This is only part of a problem I am working on, but the only part that I have questions about is the following:

Show that [itex]\mathcal{F}(\mathbb{R})[/itex] is infinite dimensional.

2. Relevant equations

[itex]\mathcal{F}(\mathbb{R})[/itex] is the set of all functions that map real numbers to real numbers.
[itex]f_n[/itex] is the function defined by the rule [itex]f_n(x) = e^{nx}[/itex] for [itex]n \in \mathbb{N}[/itex]

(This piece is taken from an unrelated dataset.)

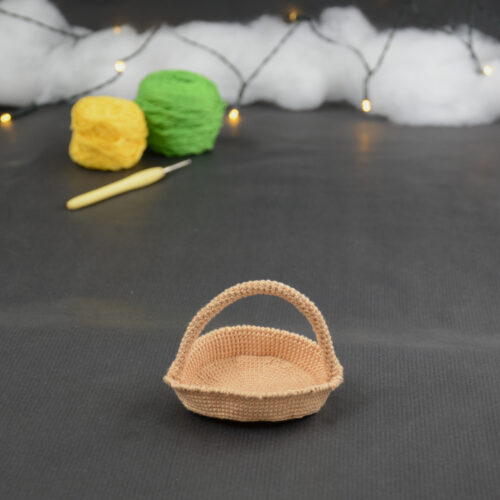 sur un fond gris foncé est disposé un panier miniature crocheté en topaze. À l'arrière plan, sur la gauche il y a 2 pelotes jaune et verte et un crochet. En fond est disposé un nuage de ouate et une guirlande lumineuse.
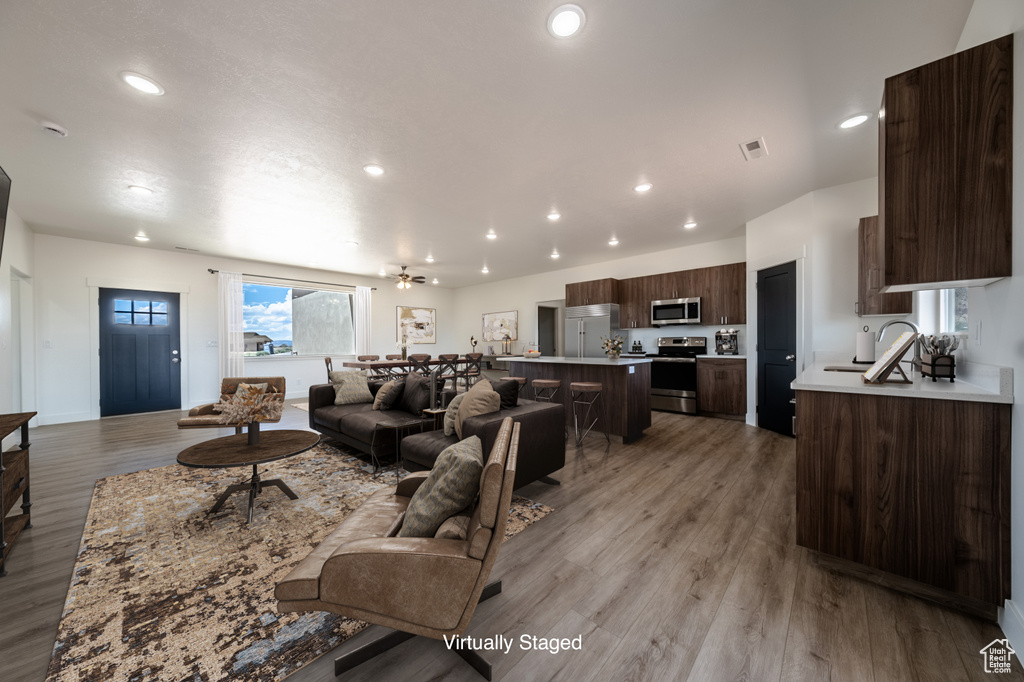 Living room featuring sink and light wood-type flooring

3. The attempt at a solution

Suppose [itex] \mathcal{F}(\mathbb{R}) [/itex] is finite dimensional.
This means that there exists a finite basis for [itex] \mathcal{F}(\mathbb{R}) [/itex].
Consider the set of vectors [itex] \mathcal{E} = \{ f_1, f_2, \dotsc, f_n \} [/itex] for some [itex] n \in \mathbb{N} [/itex].
Suppose [itex] \mathcal{E} [/itex] is a basis for [itex] \mathcal{F}(\mathbb{R}) [/itex], and consider the vector [itex] f_{n+1} [/itex] in [itex] \mathcal{F}(\mathbb{R}) [/itex].
Since [itex] \mathcal{E} [/itex] spans [itex] \mathcal{F}(\mathbb{R}) [/itex], we see that [itex] f_{n+1} \in \text{span}\{\mathcal{E}\} [/itex].
This means that
[itex] f_{n+1} = \sum_{k=1}^n a_k f_k = a_1 f_1 + a_2 f_2 + \dotsb + a_n f_n [/itex]
for some [itex] a_1, a_2, \dotsc, a_n \in \mathbb{R} [/itex].
Equivalently, this means that
[itex] a_1 f_1 + a_2 f_2 + \dotsb + a_n f_n - f_{n+1} = 0. \quad \quad (1) [/itex]
It has been shown that [itex] \{ f_1, f_2, \dotsc, f_{n+1} \} [/itex] is linearly independent.
This means that each coefficient of [itex] f_i [/itex] equals 0 for [itex] i = 1, 2, \dotsc, n+1 [/itex].
But this is impossible, as [itex] -1 \neq 0 [/itex].
Hence, [itex] \mathcal{E} [/itex] does not span [itex] \mathcal{F}(\mathbb{R}) [/itex].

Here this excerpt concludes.